暫くして、クラウディアとの逢瀬を終えた信康は、シキブが用意してくれた夕食を食べてから別の独居房に移動していた。その独居房とは、ラキアハの独居房であった。
「まぁ、それは大変でしたね」
ラキアハはカップに紅茶を注ぎながら、信康を労う。
「それでわたくしの独房に来たのですから、何かしら用があって来たのでしょう?」
「ああ、勿論そうだ。クラウもそうだがお前にも、俺の作戦に手を貸して貰いたいと思っている」
「良いですよと言いたい所ですが、今のわたくしでは大した事は出来ません」
「そうなのか?」
「ええ。このEフロアに入れられる時に、ディアサハさんの魔法で魔力を封じられました。ですので魔法を行使するのが、難しい状態となりました」
「じゃあ、そんなに魔法は大して使えないという事か?」
「そうです。完全に使えないよりかは、遥かに現状の方がマシですが」
「なら出来る事はあるんだろう?」
「そうですね。精々、死霊球を飛ばす程度が精々ですね」
「どんな魔法なんだ?」
「こんな魔法です」
そう言って、ラキアハは手の平を上に向ける。するとラキアハの掌から、燃える骸骨が出て来た。

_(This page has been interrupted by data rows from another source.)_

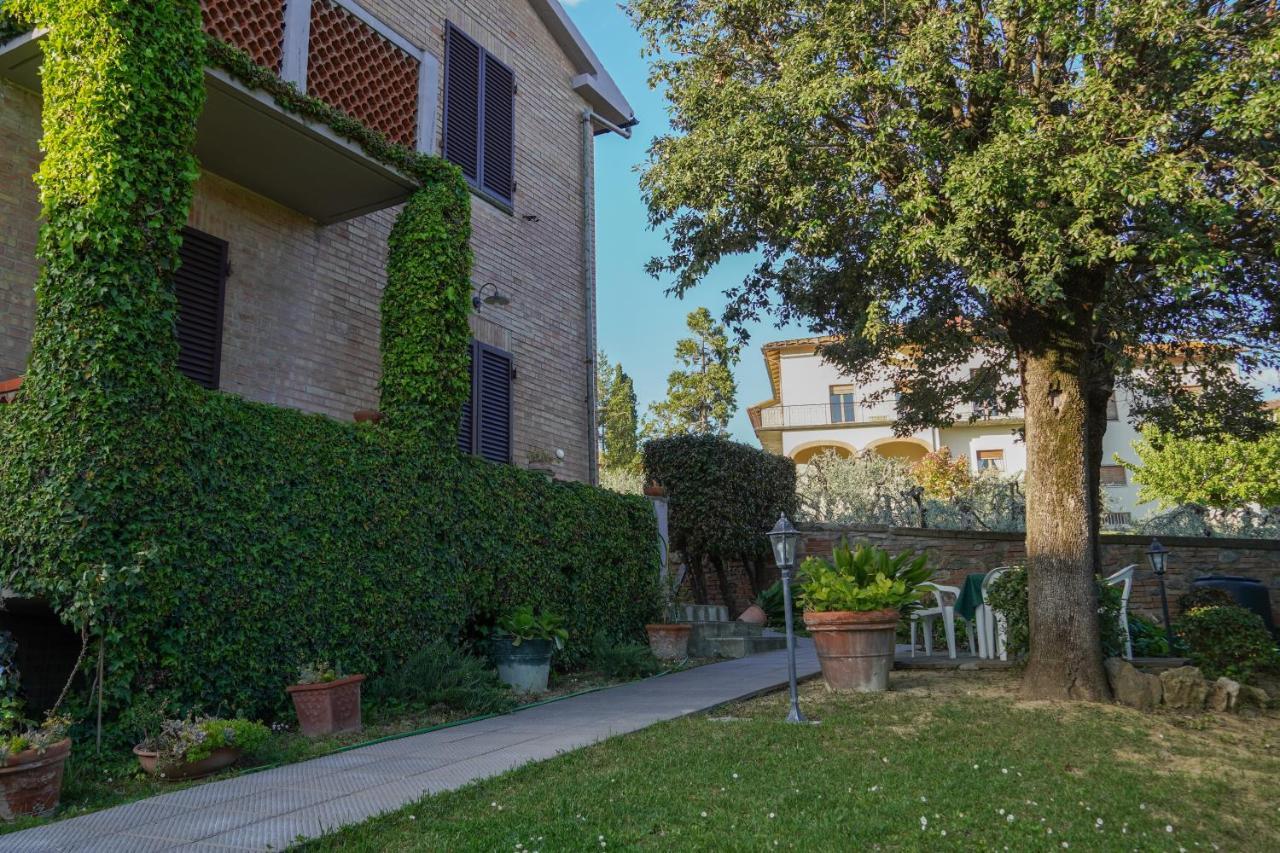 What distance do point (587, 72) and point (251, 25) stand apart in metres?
6.53

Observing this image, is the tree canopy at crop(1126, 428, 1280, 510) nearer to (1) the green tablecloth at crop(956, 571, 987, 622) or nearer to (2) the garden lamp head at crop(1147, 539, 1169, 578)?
(2) the garden lamp head at crop(1147, 539, 1169, 578)

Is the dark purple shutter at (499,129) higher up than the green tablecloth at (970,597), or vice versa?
the dark purple shutter at (499,129)

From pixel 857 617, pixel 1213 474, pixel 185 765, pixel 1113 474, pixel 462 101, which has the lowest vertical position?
pixel 185 765

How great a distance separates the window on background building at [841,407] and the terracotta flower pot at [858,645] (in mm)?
30461

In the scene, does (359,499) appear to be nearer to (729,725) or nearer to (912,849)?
(729,725)

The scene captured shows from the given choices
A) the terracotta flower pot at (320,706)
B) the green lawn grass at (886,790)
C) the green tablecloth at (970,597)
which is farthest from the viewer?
the green tablecloth at (970,597)

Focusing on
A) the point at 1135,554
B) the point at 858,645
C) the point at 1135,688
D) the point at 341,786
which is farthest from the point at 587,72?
the point at 1135,554

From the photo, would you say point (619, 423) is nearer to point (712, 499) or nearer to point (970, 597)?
point (712, 499)

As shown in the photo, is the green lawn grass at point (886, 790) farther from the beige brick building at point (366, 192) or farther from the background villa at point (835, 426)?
the background villa at point (835, 426)

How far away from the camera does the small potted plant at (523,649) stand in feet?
26.7

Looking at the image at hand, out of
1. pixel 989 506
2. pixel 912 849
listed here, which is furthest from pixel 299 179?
pixel 989 506

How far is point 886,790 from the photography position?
4445 millimetres

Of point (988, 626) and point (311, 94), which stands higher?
point (311, 94)

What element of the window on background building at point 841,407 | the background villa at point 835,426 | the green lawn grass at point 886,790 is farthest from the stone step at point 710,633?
the window on background building at point 841,407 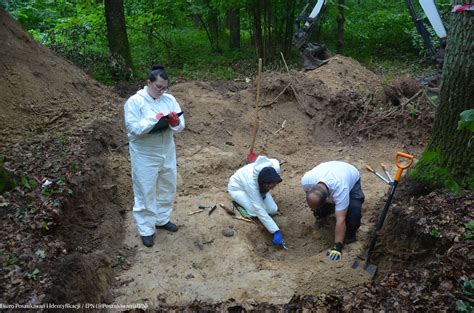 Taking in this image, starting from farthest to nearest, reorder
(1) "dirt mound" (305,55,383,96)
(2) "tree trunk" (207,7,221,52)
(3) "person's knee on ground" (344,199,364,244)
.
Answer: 1. (2) "tree trunk" (207,7,221,52)
2. (1) "dirt mound" (305,55,383,96)
3. (3) "person's knee on ground" (344,199,364,244)

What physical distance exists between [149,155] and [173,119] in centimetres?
49

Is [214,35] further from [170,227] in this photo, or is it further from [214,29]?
[170,227]

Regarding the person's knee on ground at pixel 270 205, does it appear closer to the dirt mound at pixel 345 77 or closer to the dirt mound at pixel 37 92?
the dirt mound at pixel 37 92

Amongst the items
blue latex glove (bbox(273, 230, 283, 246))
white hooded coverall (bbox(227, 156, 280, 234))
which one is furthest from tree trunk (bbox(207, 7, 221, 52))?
blue latex glove (bbox(273, 230, 283, 246))

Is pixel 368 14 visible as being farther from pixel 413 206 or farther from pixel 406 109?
pixel 413 206

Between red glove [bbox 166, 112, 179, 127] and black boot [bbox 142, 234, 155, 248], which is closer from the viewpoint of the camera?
red glove [bbox 166, 112, 179, 127]

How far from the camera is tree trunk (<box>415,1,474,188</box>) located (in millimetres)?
4000

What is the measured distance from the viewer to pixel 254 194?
16.8 ft

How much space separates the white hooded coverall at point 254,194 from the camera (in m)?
5.03

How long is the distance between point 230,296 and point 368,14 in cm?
1228

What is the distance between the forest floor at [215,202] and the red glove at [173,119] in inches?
55.0

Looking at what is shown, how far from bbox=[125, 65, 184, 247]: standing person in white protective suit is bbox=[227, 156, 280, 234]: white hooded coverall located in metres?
1.00

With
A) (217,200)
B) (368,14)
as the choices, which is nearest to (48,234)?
(217,200)

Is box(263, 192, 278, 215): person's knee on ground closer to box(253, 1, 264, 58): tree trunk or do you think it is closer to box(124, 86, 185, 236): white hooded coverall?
box(124, 86, 185, 236): white hooded coverall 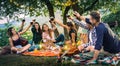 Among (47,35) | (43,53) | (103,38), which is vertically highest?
(47,35)

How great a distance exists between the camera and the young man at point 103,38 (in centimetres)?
1027

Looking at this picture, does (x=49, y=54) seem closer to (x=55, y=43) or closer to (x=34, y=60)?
(x=34, y=60)

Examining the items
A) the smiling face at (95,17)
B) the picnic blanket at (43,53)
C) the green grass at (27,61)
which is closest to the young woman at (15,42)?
the picnic blanket at (43,53)

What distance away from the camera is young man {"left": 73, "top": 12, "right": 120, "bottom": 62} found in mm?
10266

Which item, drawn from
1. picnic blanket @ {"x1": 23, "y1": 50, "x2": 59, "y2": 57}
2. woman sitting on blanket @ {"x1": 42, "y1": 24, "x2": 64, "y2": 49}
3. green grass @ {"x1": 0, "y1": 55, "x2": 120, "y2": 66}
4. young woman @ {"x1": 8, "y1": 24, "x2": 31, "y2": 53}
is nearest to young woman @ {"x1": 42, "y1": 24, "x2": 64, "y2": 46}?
woman sitting on blanket @ {"x1": 42, "y1": 24, "x2": 64, "y2": 49}

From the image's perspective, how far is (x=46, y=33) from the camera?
15781 millimetres

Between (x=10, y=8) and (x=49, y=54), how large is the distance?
12791 mm

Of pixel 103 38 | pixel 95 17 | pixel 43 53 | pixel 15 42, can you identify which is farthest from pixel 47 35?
pixel 95 17

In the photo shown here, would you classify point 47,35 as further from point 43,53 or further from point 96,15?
point 96,15

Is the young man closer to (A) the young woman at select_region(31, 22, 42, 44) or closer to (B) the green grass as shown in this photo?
(B) the green grass

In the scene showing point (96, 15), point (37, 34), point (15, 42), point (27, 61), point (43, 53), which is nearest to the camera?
point (96, 15)

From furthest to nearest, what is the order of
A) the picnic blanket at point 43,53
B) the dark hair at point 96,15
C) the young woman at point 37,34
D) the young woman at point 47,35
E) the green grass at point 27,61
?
the young woman at point 37,34
the young woman at point 47,35
the picnic blanket at point 43,53
the green grass at point 27,61
the dark hair at point 96,15

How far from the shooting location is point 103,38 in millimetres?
10531

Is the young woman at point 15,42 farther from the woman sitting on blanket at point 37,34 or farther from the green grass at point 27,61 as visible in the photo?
A: the woman sitting on blanket at point 37,34
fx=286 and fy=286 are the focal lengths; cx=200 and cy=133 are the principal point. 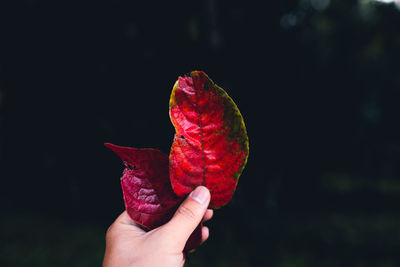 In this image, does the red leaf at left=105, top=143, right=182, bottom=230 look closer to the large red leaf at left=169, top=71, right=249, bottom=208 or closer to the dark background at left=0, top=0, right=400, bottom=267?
the large red leaf at left=169, top=71, right=249, bottom=208

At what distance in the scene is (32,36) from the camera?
3783 mm

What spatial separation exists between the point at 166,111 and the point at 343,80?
8.30 feet

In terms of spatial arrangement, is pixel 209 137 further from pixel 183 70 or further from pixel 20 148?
pixel 20 148

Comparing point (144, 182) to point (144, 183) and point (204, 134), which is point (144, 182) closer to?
point (144, 183)

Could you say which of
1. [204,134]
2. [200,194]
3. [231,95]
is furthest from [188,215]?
[231,95]

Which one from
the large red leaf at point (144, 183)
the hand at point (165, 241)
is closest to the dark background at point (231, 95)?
the hand at point (165, 241)

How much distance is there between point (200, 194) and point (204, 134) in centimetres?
17

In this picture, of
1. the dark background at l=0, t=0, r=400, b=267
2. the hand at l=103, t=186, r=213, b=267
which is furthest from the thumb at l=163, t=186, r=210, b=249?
the dark background at l=0, t=0, r=400, b=267

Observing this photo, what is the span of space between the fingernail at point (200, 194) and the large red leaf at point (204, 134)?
0.08ft

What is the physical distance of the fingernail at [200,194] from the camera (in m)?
0.77

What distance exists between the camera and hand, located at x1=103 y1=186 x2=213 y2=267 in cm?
79

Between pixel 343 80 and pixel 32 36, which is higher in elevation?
pixel 32 36

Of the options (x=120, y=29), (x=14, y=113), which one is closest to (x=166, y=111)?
(x=120, y=29)

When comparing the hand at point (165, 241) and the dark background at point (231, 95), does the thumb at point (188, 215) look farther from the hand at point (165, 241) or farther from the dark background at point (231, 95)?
the dark background at point (231, 95) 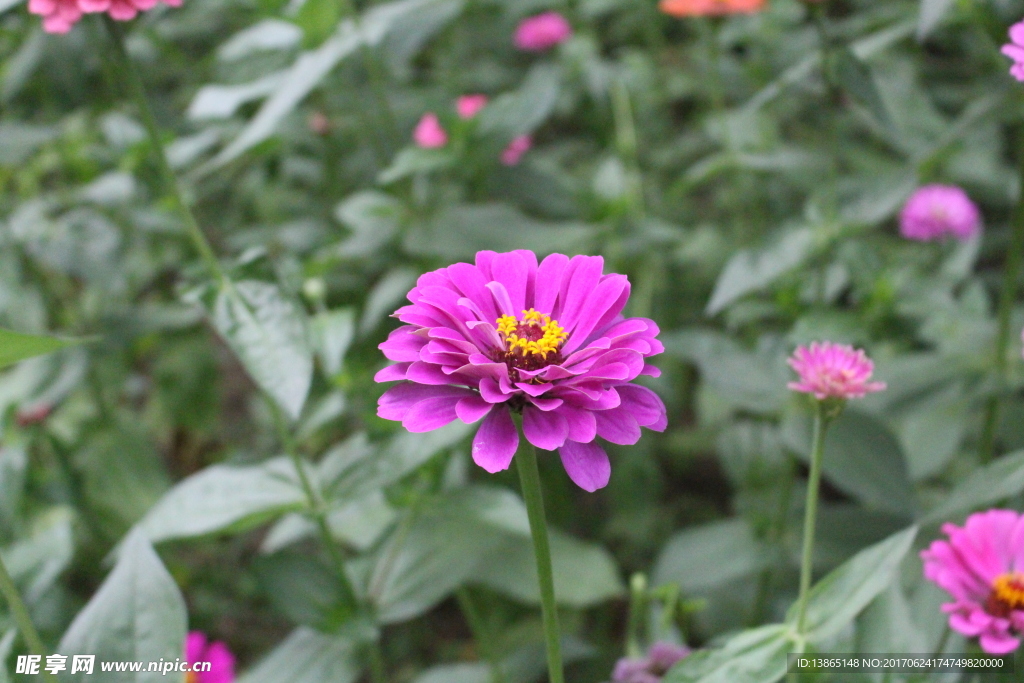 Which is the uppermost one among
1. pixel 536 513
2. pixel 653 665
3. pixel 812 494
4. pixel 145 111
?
pixel 145 111

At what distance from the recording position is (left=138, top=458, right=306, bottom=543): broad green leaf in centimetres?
87

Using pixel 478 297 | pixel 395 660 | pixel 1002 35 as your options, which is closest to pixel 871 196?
pixel 1002 35

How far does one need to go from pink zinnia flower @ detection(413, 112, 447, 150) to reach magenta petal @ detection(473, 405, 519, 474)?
85cm

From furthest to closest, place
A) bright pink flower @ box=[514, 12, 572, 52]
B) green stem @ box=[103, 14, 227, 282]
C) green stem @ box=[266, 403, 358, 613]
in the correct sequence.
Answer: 1. bright pink flower @ box=[514, 12, 572, 52]
2. green stem @ box=[266, 403, 358, 613]
3. green stem @ box=[103, 14, 227, 282]

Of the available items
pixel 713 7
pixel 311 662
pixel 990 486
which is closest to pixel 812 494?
pixel 990 486

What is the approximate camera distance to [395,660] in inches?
53.1

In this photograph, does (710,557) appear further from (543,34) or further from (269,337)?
(543,34)

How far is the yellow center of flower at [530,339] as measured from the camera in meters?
0.53

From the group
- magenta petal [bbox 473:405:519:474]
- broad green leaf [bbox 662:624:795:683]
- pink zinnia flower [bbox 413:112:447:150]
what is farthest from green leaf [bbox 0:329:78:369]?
pink zinnia flower [bbox 413:112:447:150]

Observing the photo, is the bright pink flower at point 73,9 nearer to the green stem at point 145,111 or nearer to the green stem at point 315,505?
the green stem at point 145,111

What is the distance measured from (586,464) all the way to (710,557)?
769 mm

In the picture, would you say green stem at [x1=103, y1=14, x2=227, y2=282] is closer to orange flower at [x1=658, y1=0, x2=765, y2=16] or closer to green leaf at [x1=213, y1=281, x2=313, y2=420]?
green leaf at [x1=213, y1=281, x2=313, y2=420]

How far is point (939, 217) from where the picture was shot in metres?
1.29

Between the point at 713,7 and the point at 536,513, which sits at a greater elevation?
the point at 713,7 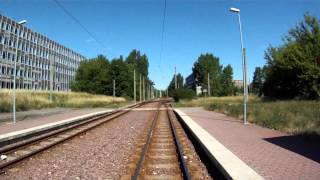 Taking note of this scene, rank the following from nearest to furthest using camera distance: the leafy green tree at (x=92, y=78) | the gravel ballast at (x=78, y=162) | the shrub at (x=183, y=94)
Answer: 1. the gravel ballast at (x=78, y=162)
2. the shrub at (x=183, y=94)
3. the leafy green tree at (x=92, y=78)

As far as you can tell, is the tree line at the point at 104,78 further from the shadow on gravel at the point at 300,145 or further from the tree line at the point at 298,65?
the shadow on gravel at the point at 300,145

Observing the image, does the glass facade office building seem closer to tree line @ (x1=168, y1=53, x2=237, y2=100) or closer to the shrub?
the shrub

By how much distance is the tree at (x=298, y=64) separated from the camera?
43.6 m

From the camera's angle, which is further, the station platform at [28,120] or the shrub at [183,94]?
the shrub at [183,94]

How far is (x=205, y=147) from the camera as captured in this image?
10844 millimetres

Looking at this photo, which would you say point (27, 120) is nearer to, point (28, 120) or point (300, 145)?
point (28, 120)

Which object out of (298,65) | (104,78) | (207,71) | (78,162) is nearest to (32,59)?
(104,78)

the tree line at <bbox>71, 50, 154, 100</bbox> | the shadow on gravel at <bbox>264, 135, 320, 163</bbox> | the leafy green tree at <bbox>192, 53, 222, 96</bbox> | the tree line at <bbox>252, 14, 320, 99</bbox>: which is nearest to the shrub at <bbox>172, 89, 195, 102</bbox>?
the tree line at <bbox>252, 14, 320, 99</bbox>

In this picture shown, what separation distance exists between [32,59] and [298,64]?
68916mm

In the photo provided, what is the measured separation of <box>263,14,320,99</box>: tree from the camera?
4356 cm

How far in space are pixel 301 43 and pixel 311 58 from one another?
12.3 feet

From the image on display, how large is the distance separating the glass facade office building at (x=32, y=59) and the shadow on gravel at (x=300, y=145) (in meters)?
53.5

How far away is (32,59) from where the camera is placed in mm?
94000

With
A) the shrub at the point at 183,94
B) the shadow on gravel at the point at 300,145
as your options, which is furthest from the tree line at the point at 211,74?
the shadow on gravel at the point at 300,145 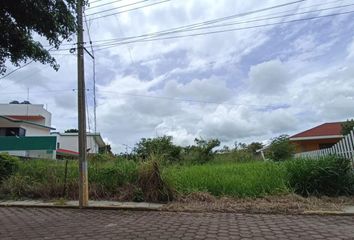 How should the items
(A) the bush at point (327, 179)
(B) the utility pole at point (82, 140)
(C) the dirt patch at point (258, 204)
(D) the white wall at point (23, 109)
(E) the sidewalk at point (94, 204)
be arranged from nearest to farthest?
1. (C) the dirt patch at point (258, 204)
2. (E) the sidewalk at point (94, 204)
3. (B) the utility pole at point (82, 140)
4. (A) the bush at point (327, 179)
5. (D) the white wall at point (23, 109)

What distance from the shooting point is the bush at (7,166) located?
16.4 metres

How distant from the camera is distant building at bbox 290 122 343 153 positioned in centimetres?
3088

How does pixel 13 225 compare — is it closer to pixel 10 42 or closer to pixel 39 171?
pixel 10 42

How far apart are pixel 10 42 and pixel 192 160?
15065 mm

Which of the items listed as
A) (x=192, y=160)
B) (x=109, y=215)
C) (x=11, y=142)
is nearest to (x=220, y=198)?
(x=109, y=215)

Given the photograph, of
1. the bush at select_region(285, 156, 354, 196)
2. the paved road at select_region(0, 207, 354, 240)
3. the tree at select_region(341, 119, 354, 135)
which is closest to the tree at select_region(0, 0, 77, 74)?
the paved road at select_region(0, 207, 354, 240)

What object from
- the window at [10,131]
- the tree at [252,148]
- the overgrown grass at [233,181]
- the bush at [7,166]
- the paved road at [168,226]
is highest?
the window at [10,131]

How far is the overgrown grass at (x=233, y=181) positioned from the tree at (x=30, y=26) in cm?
627

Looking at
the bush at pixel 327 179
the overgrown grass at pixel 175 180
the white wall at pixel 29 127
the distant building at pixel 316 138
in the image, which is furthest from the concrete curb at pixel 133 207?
the white wall at pixel 29 127

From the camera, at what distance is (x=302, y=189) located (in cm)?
1291

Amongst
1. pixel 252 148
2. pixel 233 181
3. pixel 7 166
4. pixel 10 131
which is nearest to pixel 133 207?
pixel 233 181

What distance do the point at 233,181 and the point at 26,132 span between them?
92.4ft

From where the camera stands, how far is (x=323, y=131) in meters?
32.2

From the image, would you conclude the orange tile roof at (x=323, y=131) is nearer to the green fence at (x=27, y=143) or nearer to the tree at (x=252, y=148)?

「これを相手にぶつけて、動きを鈍くさせる遅延効果がある付与魔法です」
「目晦ましや足止めぐらいは出来るか」
「確かに仰る通りですが、それは使い方次第ですね」
「そうか」
信康は深く息を吐いた。
「・・・・・・待てよ。じゃあ、こうすれば良いのか」
「何か思い付きましたか?」
「ああ、良い事を思い付いた。これで俺も、あの師匠に一泡吹かせれる」
「そうなのですか。それは凄いですね」
「と言う訳で、改めて頼みたい。お前も俺に、手を貸してくれ」
「分かりました。ノブヤス様のお頼みですから、喜んで受けましょう。それではどんな方法で、ディアサハさんに一泡吹かせるのですか?」
「ああ、お前にはな」
信康は作戦決行時に、ラキアハにして貰う事を話した。
「・・・・・・成程。それで決行日は何時ですか?」
「明日だ。こういうのは早い方が良い。日数を置くと、師匠に発覚する恐れも出て来るからな」
「分かりました」
ラキアハが承諾したのを見て、信康は安堵の息を吐いた。それからラキアハに近付いて、そのまま抱き寄せた。
(待ってろよ、師匠。明日は俺がそのすまし顔を歪ませてやるっ)
邪悪な笑みを浮かべながら、信康はラキアハと逢瀬を行った。